Sympathomimetika werden bei Diarrhoe geprüft

Eine weitere Möglichkeit für die Therapie sind Antibiotika: So wurde in einer Studie nachgewiesen, daß sie die Symptome lindern, in dem sie vor allem die Gasbildung vermindern. Einen ähnlichen Effekt habe nach neuen Ergebnissen auch eine Diät mit wenig Ballaststoffen. Sympathomimetika könnten ebenfalls die Beschwerden mildern: Alpha-2-Agonisten wie Clonidin zum Beispiel helfen nach Daten einiger Studien besonders beim Reizdarm-Syndrom vom Diarrhoe-Typ.

Melatonin ist ein weiterer Kandidat für eine Therapie. Zwei Forschergruppen zeigten auf der Veranstaltung, zu der Boehringer Ingelheim eingeladen hatte, Daten: Mit Melatonin klingen demnach vor allem die Schmerzen ab.

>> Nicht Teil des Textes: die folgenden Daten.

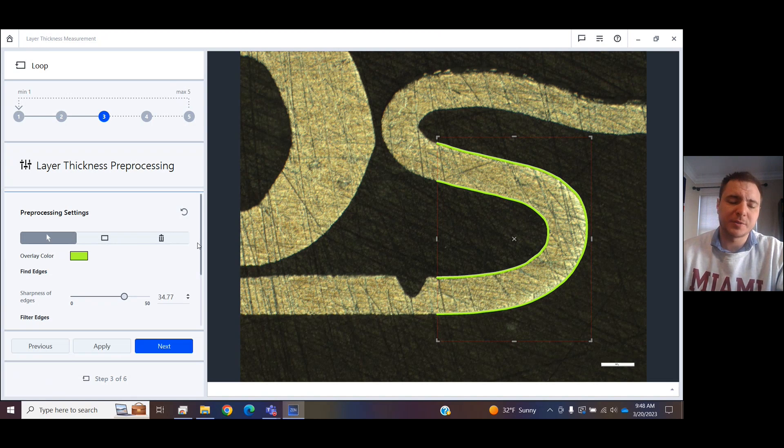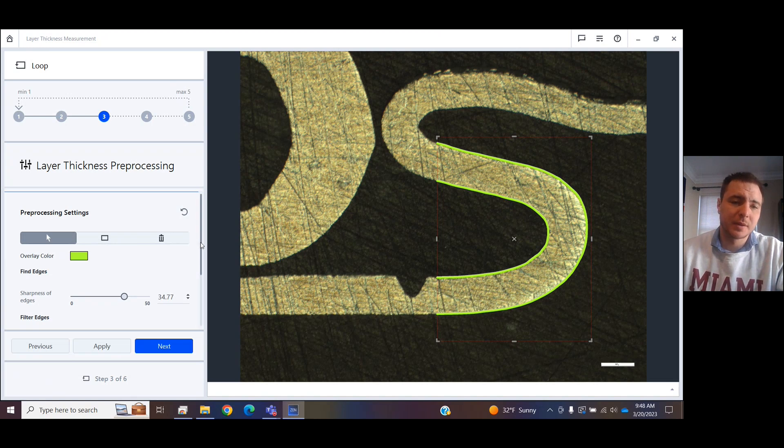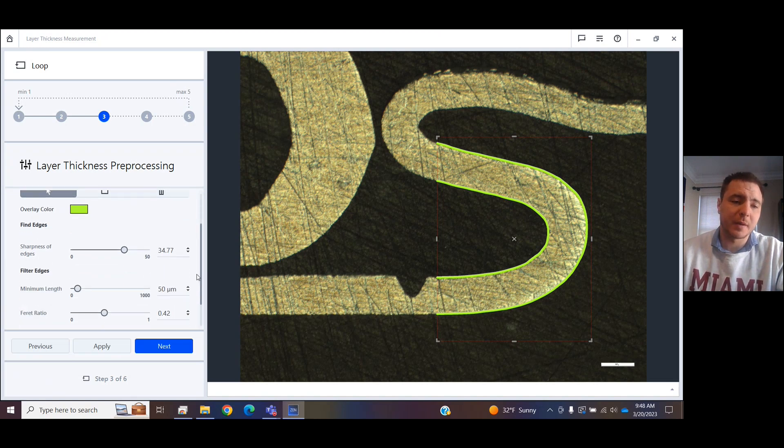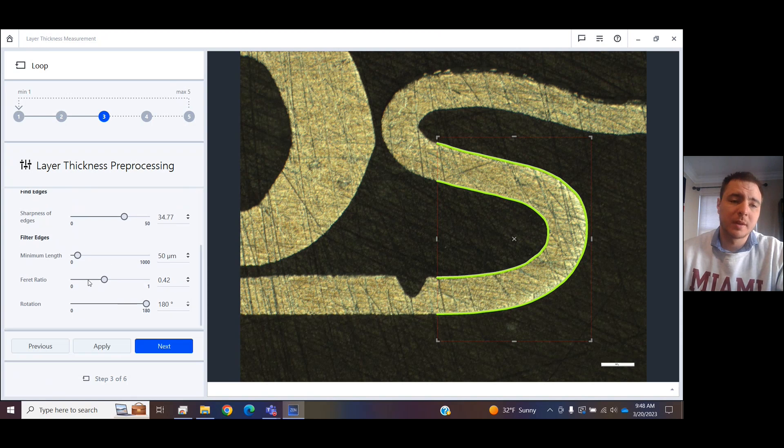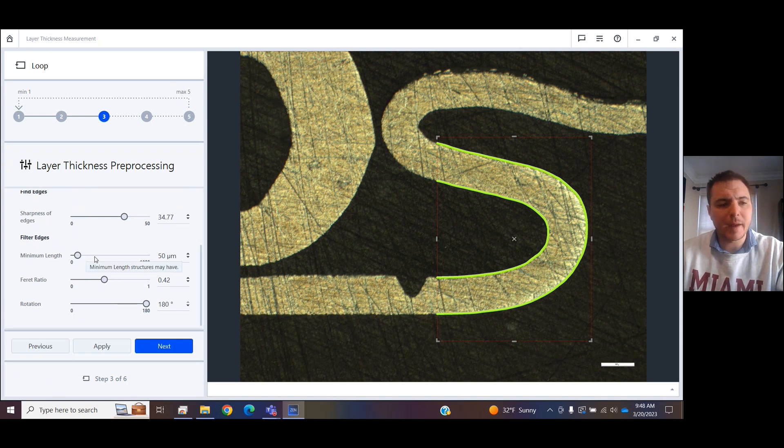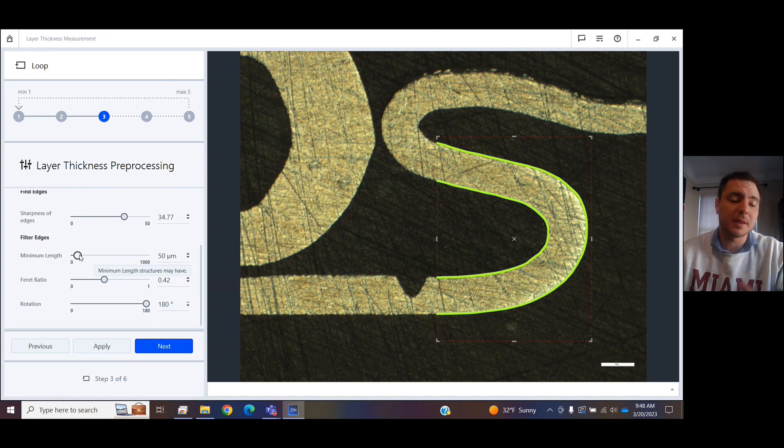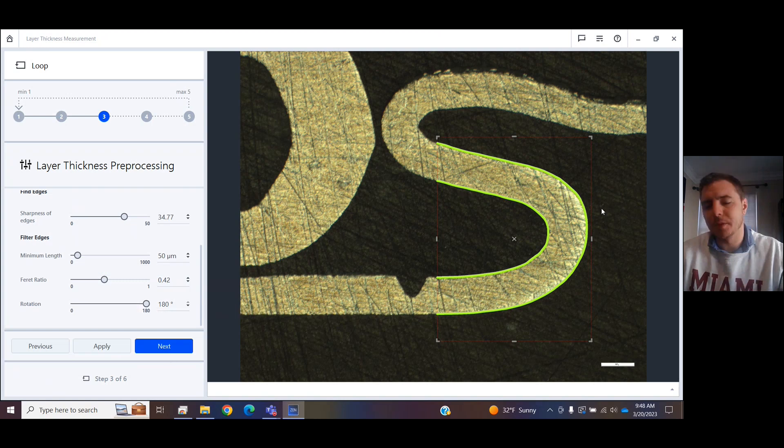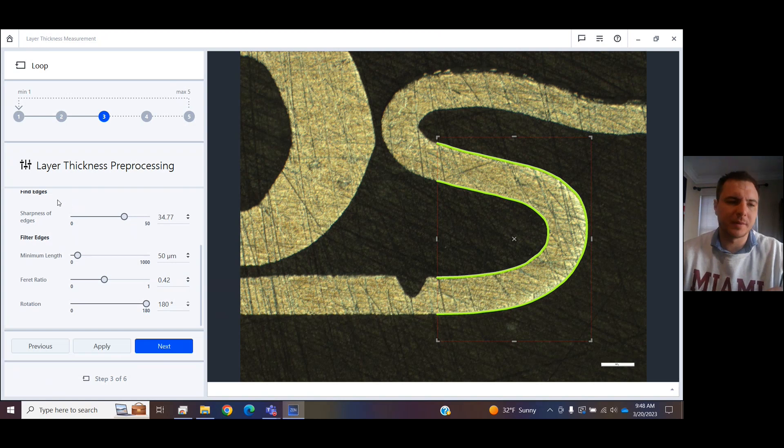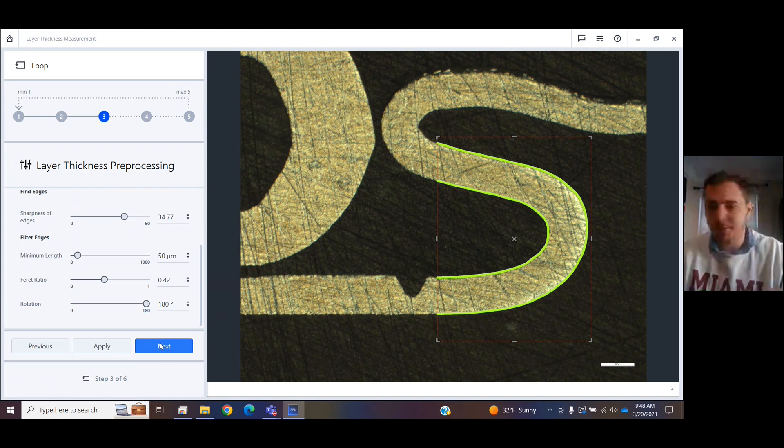You just got to tinker around with the Sharpness of Edges slider. That one's important. These all in here, I have found, do not matter as much. But you can change the fair ratio, the minimum length of the edge of the layer or the rotation of the layer. These three don't matter as much as the Find Edges tool does. Once we're happy with the layers it's found, click Next.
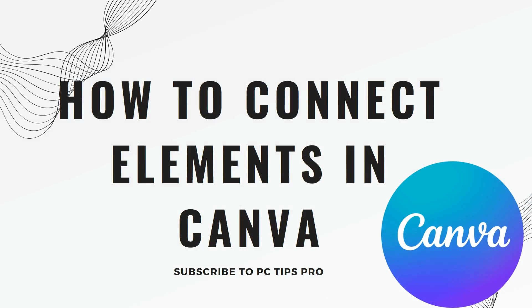Hello all, welcome to PC Tips Pro. In today's video we are going to see how to connect elements in Canva. Before getting into the video, if you guys haven't yet subscribed to PC Tips Pro, please do subscribe.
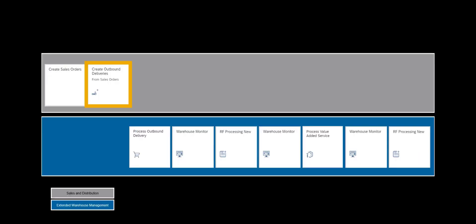We will subsequently create the corresponding outbound delivery and with that, the warehouse processes can start.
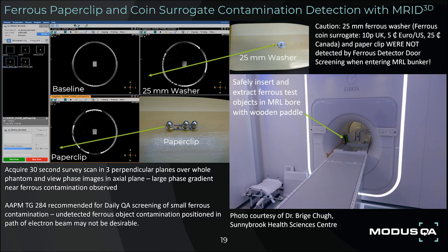It is noted that ferrous contamination of the MR system bore is a common occurrence in the clinical workplace. Items such as coins, paper clips, and hairpins are commonly found, despite screening systems which may not always detect small ferrous items. In an engineering test of ferrous content detection with MRID 3D, various ferrous items are safely placed in a magnet bore and phase images of the axial localizer, acquired in under 30 seconds, can be viewed as a sensitive test to detect paper clips and coin surrogates. Multiple phase-wrapping artifacts are clear when a paper clip or coin surrogate are introduced into the MR bore and detected by MRID 3D. The AAPM Task Group 284 recommendation is for daily screening of ferrous contamination in MR-SIM systems and, by extension, MR-Linac systems.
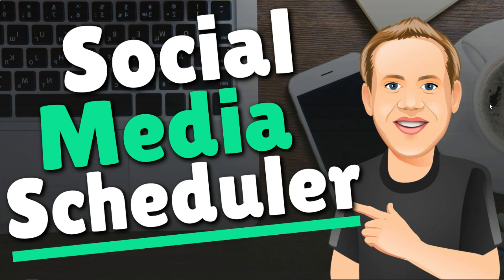Hey, it's Tom from WPWithTom.com, and in this video, I'll be covering the best social media scheduler on the market today.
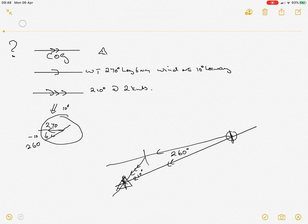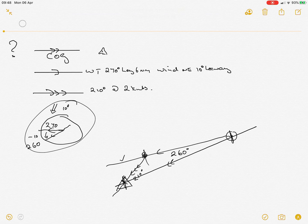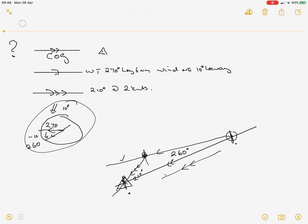Just to recap, we first take the leeway into account, we then draw the leeway line for our water track, we put our tide on the end, and then we join these two points together to find our course over ground. So we can read off the bearing and we can read off the actual speed we did. Hope this all helps, any questions give me a shout.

Melatonin gehört zu jenen Hormonen, die von den enterochrom-affinen Zellen im Darm ausgeschüttet werden.

Neu in den Blickpunkt der Forscher ist der Corticotropin-Releasing-Factor (CRF) gerückt, der ebenfalls nicht nur im Gehirn, sondern auch im Darm gebildet wird. Wie sich herausgestellt hat, ist bei Patienten mit Reizdarm der basale Spiegel dieses Hormons niedrig, nach Streß steigen die Werte, was mit Durchfall und krampfartigen Darmkontraktionen einhergeht. Deshalb propagieren viele Arbeitsgruppen CRF-1-Antagonisten als neue Methode, um die neuroendokrine Achse bei Streß- und Angst-induziertem Reizdarm zu dämpfen.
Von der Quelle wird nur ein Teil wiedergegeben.